Although Whyte or Wite was the
church’s original dedication, it changed to Candida, occasionally varied with
White, sometime between 1200 and the early sixteenth century. During the
fifteenth century, the dedication of Holy Cross was added.6
No
Vitae (Life) was written about St
Wite or has survived, but her relics are mentioned in much later writings of
William Worcester (fifteenth century) and the Jesuit John Gerard (sixteenth
century)7 indicating that the cult continued long after her death.

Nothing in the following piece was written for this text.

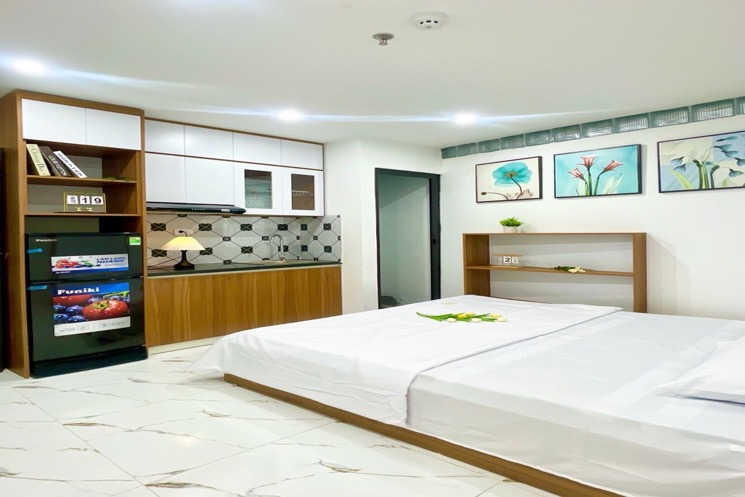 Chính chủ bán căn CCMN 100m, 7 tầng thang máy, PCCC đảm bảo, dòng tiền ổn định, khu Bách -  Kinh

Locally, the church became
known as the ‘Cathedral of the (Marshwood) Vale’. Pilgrims travelled to
Whitchurch by tracks and paths to visit the Purbeck marble-topped tomb placed
on a stone base (foramina) with three oval openings into which afflicted body
parts were inserted for healing.8
These pious visitors made an
important contribution to the local economy and sustained a nearby hostelry,
the Shave Cross Inn built in the fourteenth century. After leaving the shrine,
pilgrims could travel to the saint’s well at nearby Morcombelake which
reputedly cured eye conditions. In late 2017, this author found that pilgrims
still visit the tomb to place messages of hope, thanks and prayer into the oval
openings, thus continuing a tradition that has lasted a millennium.
Pilgrim's messages in foramina |
The
cult of St Wite/Candida was just one of several hundred, possibly as many as
one thousand, saints’ cults to be found in England from the seventh century
onwards to the early Tudor period of the sixteenth century. It is an
exceptional example of a local cult that would probably have been erased by the
English Reformation which obliterated all others except that of the monarchs’

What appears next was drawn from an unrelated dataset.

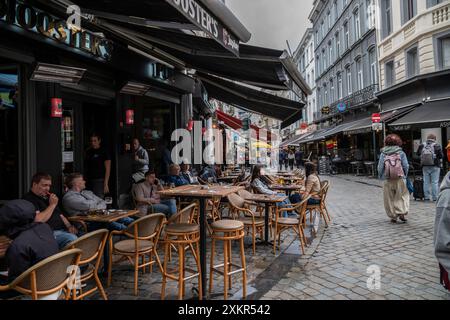 Centre-ville de Bruseels, au cœur de l'Europe, avec cafés et bars servant les célèbres bières belges Banque D'Images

preferred cult of St Edward the Confessor whose shrine area became the royal
mausoleum from Henry III onwards.9
It was one of several cults
that existed in the south and south-west of England including St Aldhelm
(Malmesbury), St Birinus (Dorchester/Winchester), SS Grimbald, Hedde and Swithun
(Winchester), St Edward the Martyr (Shaftesbury), St Piran (Cornwall), St
Sidwell (Exeter), St Petrock (Bodmin), St Cuthburga (Wimborne), St Edith
(Wilton), St Melor (Amesbury), SS Augustine and Dunstan (Canterbury).
The
Dorset cult shared characteristics with the other cults. Pilgrims came to the
saint’s tomb to seek intercession with God, both by prayer and physically
touching the tomb. Physical access to the tomb was common, unlike modern times.
Pilgrimage was an important aspect of religious practices as well as being
economically beneficial to the church and its surrounding community.
It is highly probable that the
saint’s feast day of 1 June was included in the regional church calendar of
festivals and commemoration, and that prayers and liturgy had regular reference
to St Whyte/Candida. However, unlike many other saints, there does not appear
to have been any hagiographic Vitae
written. This may be the reason that there are so many stories about who the
saint may have been. Even the gender of Whyte/Candida is still under question,
although it seems highly likely from the evidence of the tomb that the saint
was female.
References
1.
Farmer, David Hugh.
Oxford Dictionary of Saints. Oxford: Oxford University Press, 2011, 447.
2. Ibid.
3. Syer, S. G. The Cathedral of the Vale, revised edition. Bridport: Creeds
the Printers, 2005, 21.
4.
Farmer, op.cit.,
447.
5. Syer,
op. cit., 21
6. Ibid., 5
7. Farmer, op. cit., 447.
8. Syer, op. cit., 21.
9. Tavinor, Michael. Shrines
of the Saints in England and Wales. Norwich: Canterbury Press, 2016, 25.